1) If I solve the orthogonal trajectory problem treating the parameter as if it is a constant. What will that constant mean in my final answer?
2) If I solve the problem properly (i.e. express $k$ in terms of $x$ and $y$), does $k$ changes as I move along any one of the orthogonal trajectories? Is this why I need to isolate for $k$ in the first place?
Thanks for the help
 A: You are confusing your particular problem ($y=kx$) for the general orthogonal trajectory problem.
The curves you are searching for must intersect each member of the given family of curves at a right angle. That means the key point is the slope of the tangent line at each point on each curve in your family. Therefore, for each $k$ you are interested in $\frac{dy}{dx}$, and you want to put it in terms of $x$ and $y$ with no $k$ in it. In some problems you may solve for $k$ to more easily eliminate it, but that will not always be the case.
In your particular problem, $\frac{dy}{dx}$ equals $k$. So you are interested in the constant in this particular problem, but only because it happens to equal the curve's slope. You solve for $k$ so you can find the slope in terms of $x$ and $y$ without $k$ (in this case, $\frac{dy}{dx}=\frac yx$).
So the answers to your questions are:


*

*You treat the parameter as a constant because for a given curve in the family of curves it is a constant, and only $x$ and $y$ change. You use these changes to find $\frac{dy}{dx}$ in any form then to get it as a function of $x$ and $y$ without the parameter. The constant itself is meaningless in your answer at this point. You have eliminated it, after all. The meaning of the constant overall depends on the particular problem, and is just the way to single out one of the curves from the rest in the family of curves. In your particular case it means the slope of the curve, which is constant in your particular case. In other problems it will have other meanings.

*As "move along any one of the orthogonal trajectories" the parameter for the curve in the original family of curves indeed changes. Each point on your orthogonal trajectory will have a different parameter value in the original family of curves. You can see this must be the case: your new curve is perpendicular to the original curve, so as soon as the point moves on the orthogonal curve away from its initial point it moves perpendicular to the original curve and thus moves off that curve. It now moves onto other curves in the family, each with its own parameter value. However, this changing $k$ is not the reason your solved your original equation for $k$, as I have explained.

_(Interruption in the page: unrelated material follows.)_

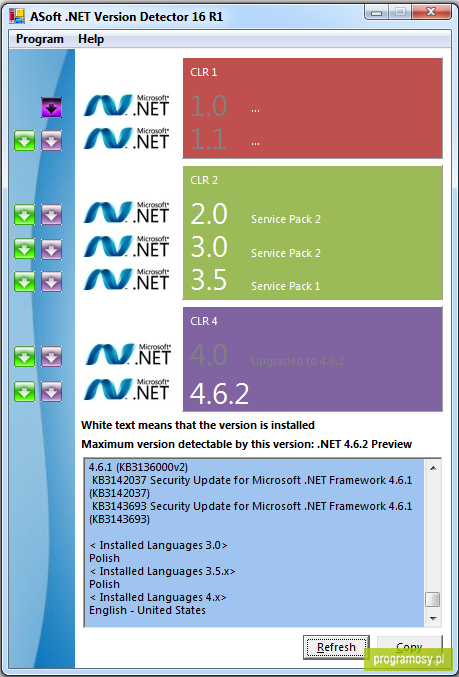 ASoft .NET Version Detector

In your particular problem, the original family has the slopes
$$\frac{dy}{dx}=\frac yx$$
so the orthogonal family has the negative-reciprocal slopes
$$\frac{dy}{dx}=-\frac xy$$
and solving that (using separation of variables) gives
$$x^2+y^2=C$$
where $C$ is the parameter for your orthogonal family of curves. In this problem the new parameter has the meaning "square of the radius of this circle" since each orthogonal curve is a circle. But a different problem will have a different meaning for $k$ and for $C$.